A la vera del padre
Tina estudiaba en el colegio de La Asunción, no tanto por tradición familiar, sino porque mi hermana había regresado del colegio de Auteil, y era una de las profesoras en San Sebastián. Su labor como educadora en París había sido encomiable y ahora le premiaban con el retorno a los suyos. Parecía como si un cierto orden se fuera instalando en mi vida.
Mi hija resultó ser una estudiante aplicada, en absoluto intimidada por el cambio de lengua. Al contrario, ella lo planteó como un reto que estimulaba su mente. Observé con inmenso placer que no solo se habituaba a las costumbres, clima y mentalidad tan diferentes a las que ella había conocido, sino que las disfrutaba a conciencia. Pronto hizo amigas y buscaba planes que a mí de niña me habían parecido un sueño: meriendas, cine y tenis en invierno; playa, vela y chocolatadas en el monte en verano. Mi hija tenía lo que yo no tuve.

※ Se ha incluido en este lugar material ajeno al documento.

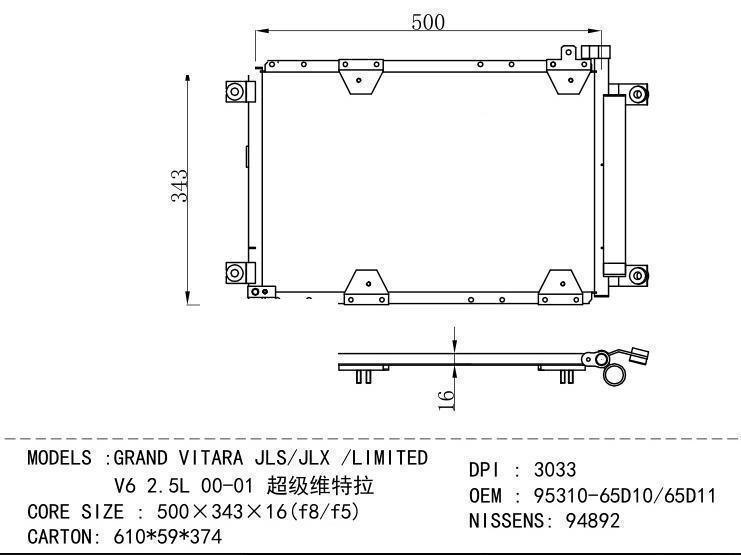 95310-65D10/65D11 Condenser for SUZUKI GRAND VITARA JLS / JLX / LIMITED V6 2.5L 0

Yo continuaba con un trabajo que siempre me gustó y para el que disponía de una cierta habilidad. Pero, además, el hecho de ocuparme de las personas dolientes, en un momento de necesidad, me procuraba una apaciguante gratificación.
La situación en el País Vasco era muy distinta de la que yo había conocido. El nivel de vida era muy alto, la ciudad estaba hermosa y cuidada, pero aún se producían esos asesinatos que, en el nombre de la libertad, cometen los tiranos de todas las latitudes. Aquellos que no permiten otro pensamiento que el suyo. Porque suya es la verdad.

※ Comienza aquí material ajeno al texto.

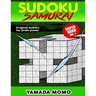 Sudoku Samurai Super Hard: Original Sudoku For Brain Power Vol. 1: Include 100 Puzzles Sudoku Samurai Super Hard Level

Unos apuntes de nostalgia se colaban de vez en cuando en lo cotidiano. La primera vez que Tina acudió al colegio le llevé en el coche, y a la vuelta, me detuve en Uran Etxea. La preciosa villa que fue para mí el compendio del refinamiento y la alegría de vivir, yacía desarbolada como un barco en desguace; el que fuera palpitante jardín, asilvestrado; la casa estaba vacía y con las persianas cerradas, para que no pudieran escapar los felices recuerdos de su pasada existencia. A la segunda o tercera visita, la melancolía remitió.

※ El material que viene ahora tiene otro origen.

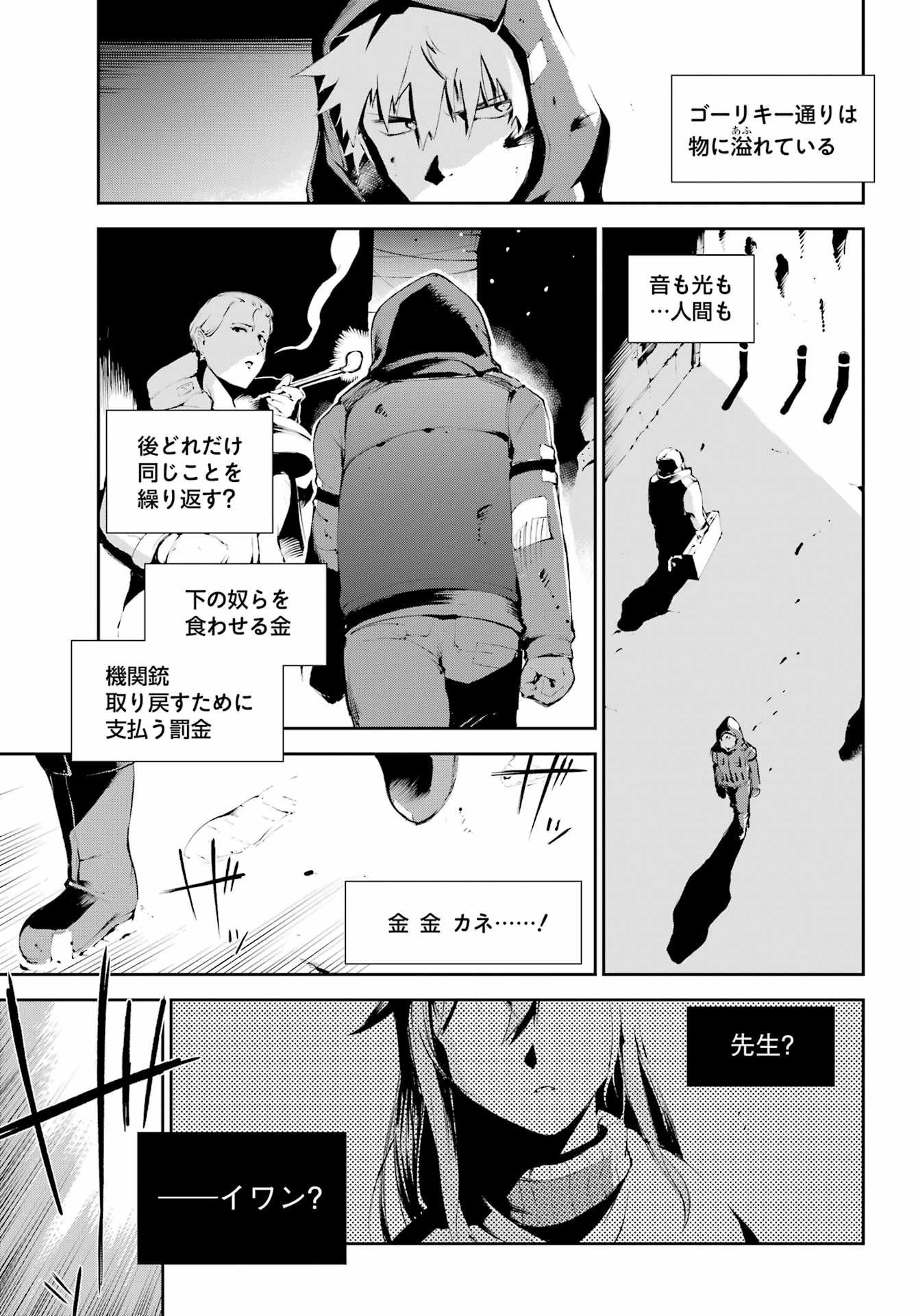 モスクワ２１６０ 第19話 - Page 3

Una tarde, cuando llevaba a Tina a las atracciones del Monte Igueldo, pasamos en el coche por delante de la villa en la que comprendí que jamás me tratarían como a una igual. Porque simplemente, a sus ojos, no lo era. Pero la alegría de Tina y sus dos amigas al descubrir ese mundo de ilusión, comenzó a introducirme en mi nueva vida, en la que no había lugar para el rencor. De ella provenía mi fuerza, y a ella había de destinarla.
Mi decisión de volver a San Sebastián y que mi madre viviera con nosotras supuso, para Marichu, el comienzo de una de las etapas más felices de su difícil existencia. La serena dulzura de su nieta justificaba todos sus desvelos y sacrificios del pasado. Al final, el ejemplo daba sus frutos. Yo también sabía ser una madre consciente.
Doña Solita y Edurne continuaban residiendo en el cómodo piso en el que viviera mi madre, mientras Julia estaba en París y yo en Kenia, pero yo las visitaba a menudo y ellas venían a casa continuamente. Cuando el horario me lo permitía, llevaba a las tres con Tina, a merendar a Otegui, un salón de té a la vieja usanza, donde los cruasanes se fundían en la boca y el chocolate vienés enardecía el paladar. Y ellas adoraban esa invitación.
Una tarde, Tina deseaba que su abuela y doña Solita la acompañaran a ver un vestido. Edurne y yo nos quedamos en Otegui saboreando la merienda.
—Gracias, Mayte.
—No me las des Edurne. Yo también disfruto viniendo aquí.
—No es únicamente por esto. Es por el cariño que me demuestras.
—¡Tú sí que me diste afecto cuando era niña! ¡Tenía tal rabia dentro de mí!
—Te entendía… Yo había sufrido algo similar.
—¿Tú, Edurne?
—Mi padre no quiso casarse con mi madre… Pasamos mucha necesidad. Doña Solita me acogió…
—¡Por eso me protegías, sabías lo que yo sentía…!
Tomé sus manos entre las mías:
—Siempre estaré a tu lado, Edurne.
Laura me había incluido en su grupo de amigos, y salíamos a cenar a los magníficos restaurantes de toda la provincia, con alguna excursión a Francia, o navegábamos en un pequeño velero por esa mar que yo tanto amaba. Poco a poco, las heridas superficiales en mi vanidad se fueron cerrando, y aquellas profundas del arrepentimiento y la ausencia, cicatrizando.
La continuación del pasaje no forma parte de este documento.